== EXERCISE DESCRIPTION ==
Transcribe the listing exactly; drop the images.

== INFORMATION SUPPLIED ==
((

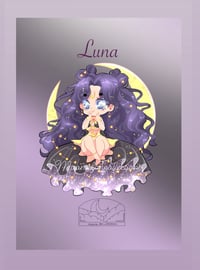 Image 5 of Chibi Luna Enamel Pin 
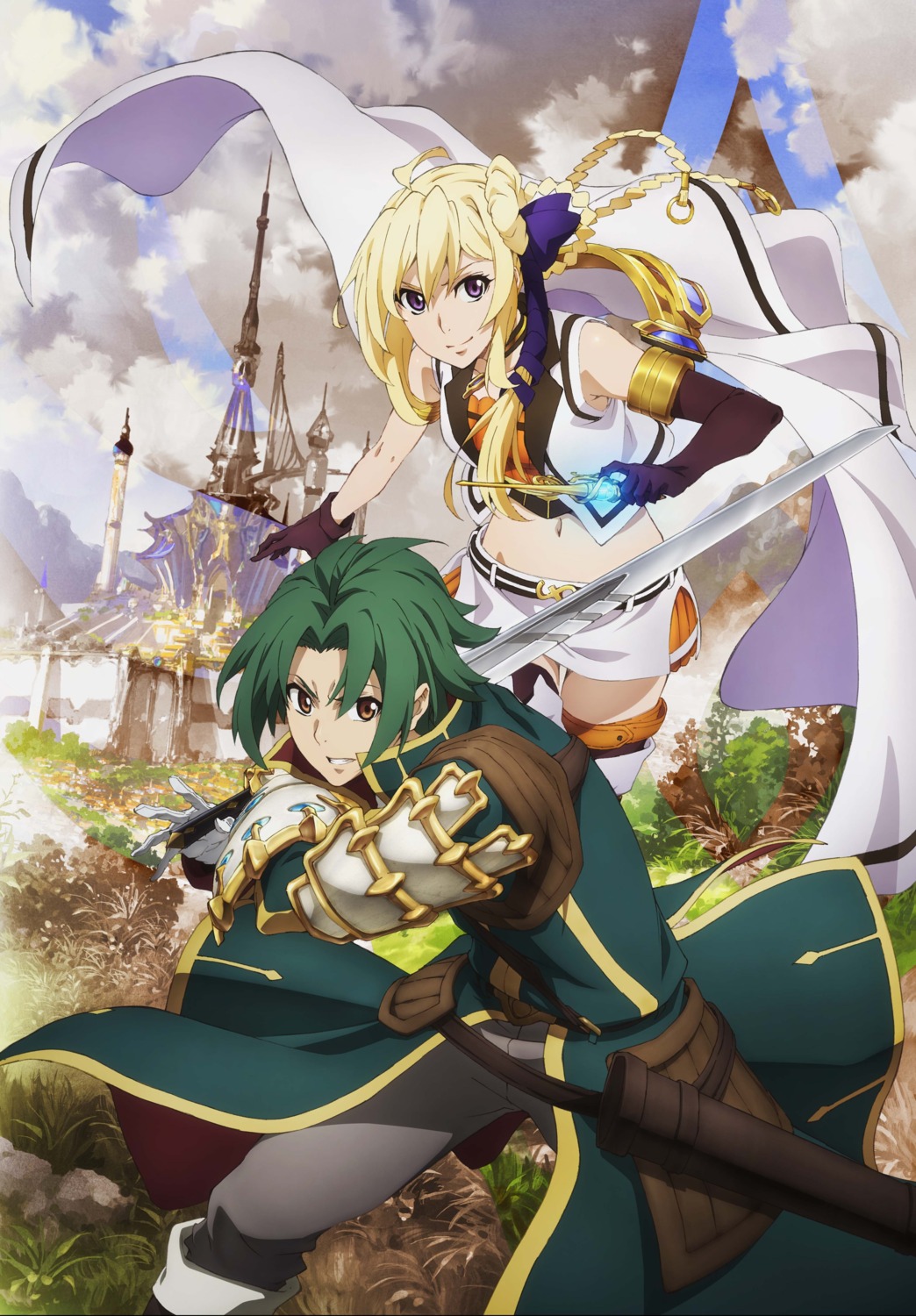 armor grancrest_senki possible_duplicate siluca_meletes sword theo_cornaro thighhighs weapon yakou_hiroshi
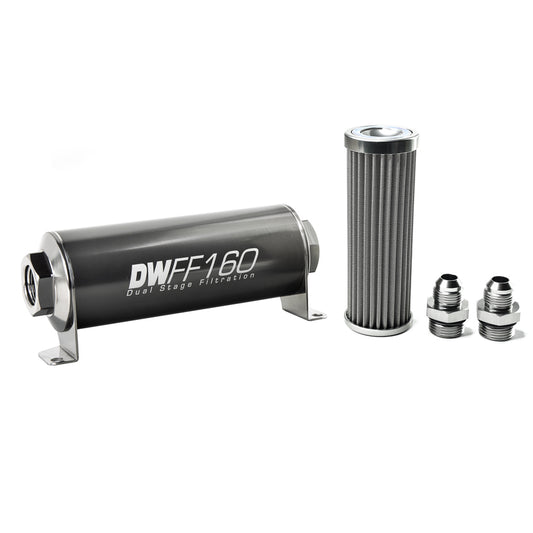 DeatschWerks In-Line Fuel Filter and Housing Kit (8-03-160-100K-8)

))

== TASK OUTPUT ==
 Image 5 of Chibi Luna Enamel Pin 
 armor grancrest_senki possible_duplicate siluca_meletes sword theo_cornaro thighhighs weapon yakou_hiroshi
 DeatschWerks In-Line Fuel Filter and Housing Kit (8-03-160-100K-8)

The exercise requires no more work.